Güncelleme Tarihi:
Avukatlar İlkay Sezer ve Hilal Demirelli şöyle konuştu: “Müvekkilimiz ile irtibatlı suç işledikleri iddia olunan Genelkurmay Başkanlığı Karargâhı’nda emrinde çalışan silah arkadaşları hakkında İstanbul 4. Ağır Ceza Mahkemesi’nin 1 Temmuz 2019’daki kararı ile ‘beraat’ verilmiştir. Bu karar nedeniyle 11 Temmuz’da Cumhurbaşkanlığı Makamınca Başbuğ’a isnat edilen suçların ‘delilsiz’ ve ‘dayanaksız’ kaldığı anlaşılmış olup müvekkilimiz hakkında ‘İşleme Konulmama Kararı’ alınmıştır. Bu soruşturma izni verilmemesi anlamına gelmektedir. Bu karar aynı zamanda Başbuğ’a hakkının teslim edilmesi bakımından bir zorunluluktu.

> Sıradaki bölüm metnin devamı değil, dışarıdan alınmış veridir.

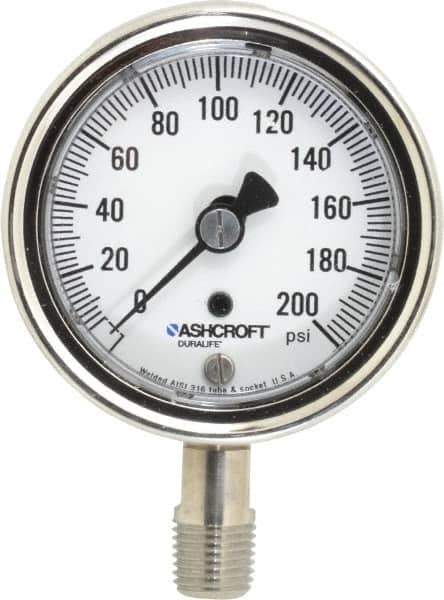 Ashcroft - 2-1/2" Dial, 1/4 Thread, 0-200 Scale Range, Pressure Gauge - Lower Connection Mount, Accurate to 1% of Scale - Industrial Tool & Supply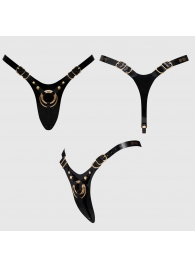 Черный пояс для фиксации насадок Strap-On-Me Leatherette Harness Fabulous - Strap-on-me - купить с доставкой в Новом Уренгое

Müvekkilimiz ile irtibatlı suç işledikleri iddia olunan kişiler hakkında İstanbul 4. Ağır Ceza Mahkemesi’nde yargılama sürerken Cumhurbaşkanlığı Makamı tarafından Başbuğ hakkında ‘İşleme Konulmama Kararı’ verilseydi, o şartlarda, bu karar kabul edilemezdi. Sonuç olarak, İstanbul 4. Ağır Ceza Mahkemesi’nin ‘beraat’ vermesi, isnat edilen suçların Cumhurbaşkanlığı makamınca ‘delilsiz’ ve ‘dayanaksız’ kaldığının anlaşılması ve Ceza Muhakemesi Kanunu’nun başka bir olanak tanımaması çerçevesinde Yüce Divan tarafından Başbuğ hakkındaki ‘davanın düşürülmesine’ ilişkin karar ‘beraat’ olarak değerlendirilmeli.”